公開から一週間、レイトショーとは言えゴールデンウィーク初日の祝日で客入りはぼくを除いて数人、一抹の寂しさと不安を胸に鑑賞に臨みましたが…ごめんなさい!ぜんぜんダメでした!大変に意欲的な作品であり、今をときめく撮影の近藤龍人さんの技量も存分に発揮され、演者さん達の熱の入れようもひしひしと伝わっては来たのですが、いかんせんぼくの苦手とするタイプの一本であり相性が悪かったようです。

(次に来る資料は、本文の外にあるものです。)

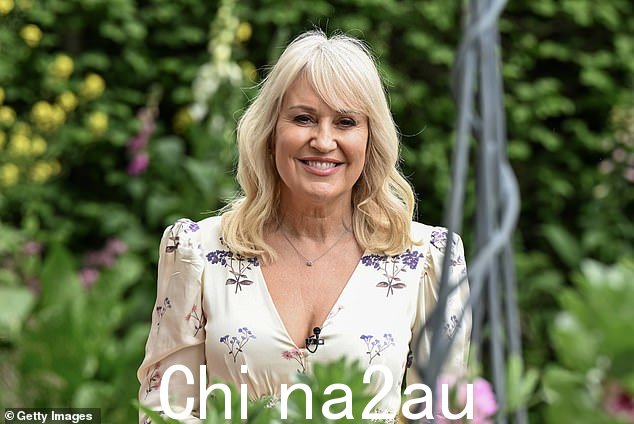 Nicki Chapman 是一位出色的电视节目主持人和广播主持人,拥有令人印象深刻的娱乐圈目录,这使她在英国成为家喻户晓的名字(摄于 2023 年)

そもそも、ぼくは舞台演劇が苦手なのですね。それに限らずライブパフォーマンス(コンサートもダメ)というものをほとんど受け付けないのです。それで、この作品は「イキウメ」を主宰する劇作家であり演出家の前川知大の同名の戯曲の映画化なのですが、映画それ自体、かなり意図的に舞台演劇に寄せて作られています。舞台と言うのは固定された空間で行われる為、記号的なセットが組まれて、ビジュアル的には観客の想像に委ねるところが大きくなり、演技についても大仰に、よりビビットに伝わるお芝居でなければならんでしょう。片や、映画の場合は(バジェットやテクノロジーの問題はあるにせよ)それとは逆の視点で映像的にも演技の面でも自由度が高くなると思います。ぼくはより映画的な映画の方が好みなんだと言うことでしょう。うまく説明できませんが。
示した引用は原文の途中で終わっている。